Two climate activists attempted to glue themselves to Edvard Munch’s 1893 masterpiece The Scream at an Oslo museum.
Two people entered the Munchroom at the National Museum of Norway on Friday morning, but before any damage could be done, they were “immediately taken care of” by museum guards, the Museum said in a statement.
A third person filmed the pair trying to affix to the painting.
Punks. The only thing they accomplish is that art available for all will be more protected. Skrik #munch pic.twitter.com/wPtOQ2OWPK
— Karoline (@karolineisanerd) November 11, 2022
A video shared online said to be of the incident showed museum guards holding two activists with one shouting “I scream for people dying” and another one shouts “I scream when lawmakers ignore science” while a person was shielding the painting from the protesters.
The room where the glass-protected painting is exhibited was “emptied of the public and closed” but reopened at 1pm, the museum said.
Police said there was glue residue on the glass mount.

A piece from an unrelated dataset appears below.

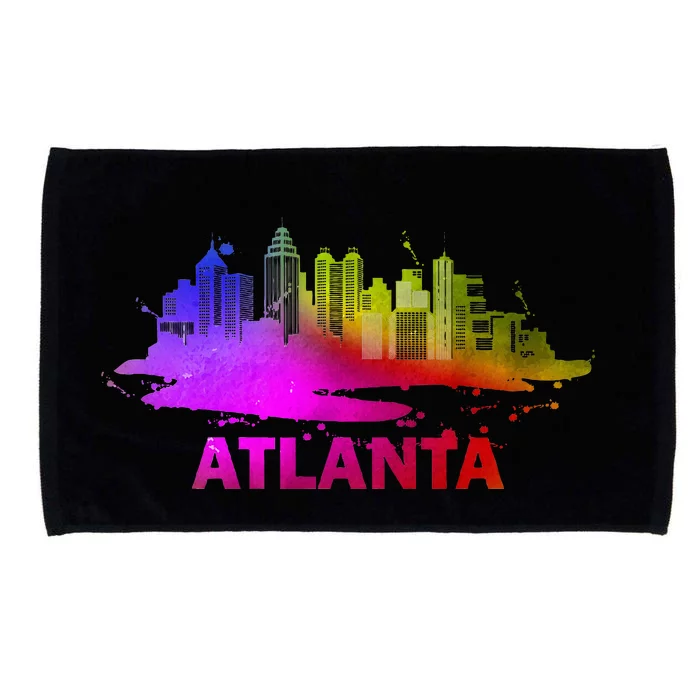 Colorful Atlanta Cityscape Souvenir Atlanta Skyline Microfiber Hand Towel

Environmental activists from the Norwegian organisation Stopp oljeletinga - Norwegian for Stop Oil Exploration - were behind the stunt, saying they “wanted to pressure lawmakers into stopping oil exploration”.
Norway is a major producer of offshore oil and gas.It is the latest episode in which climate activists have targeted famous paintings in European museums.
Two Belgian activists who targeted Johannes Vermeer’s Girl With A Pearl Earring in a Dutch museum in October were sentenced to two months in prison.
The painting was not damaged and returned to its wall a day later.
Earlier this month, climate protesters threw mashed potatoes at a Claude Monet painting in a German museum and a similar protest happened in London, where protesters threw soup over Vincent van Gogh’s Sunflowers at the National Gallery.
In both those cases, the paintings also were not damaged.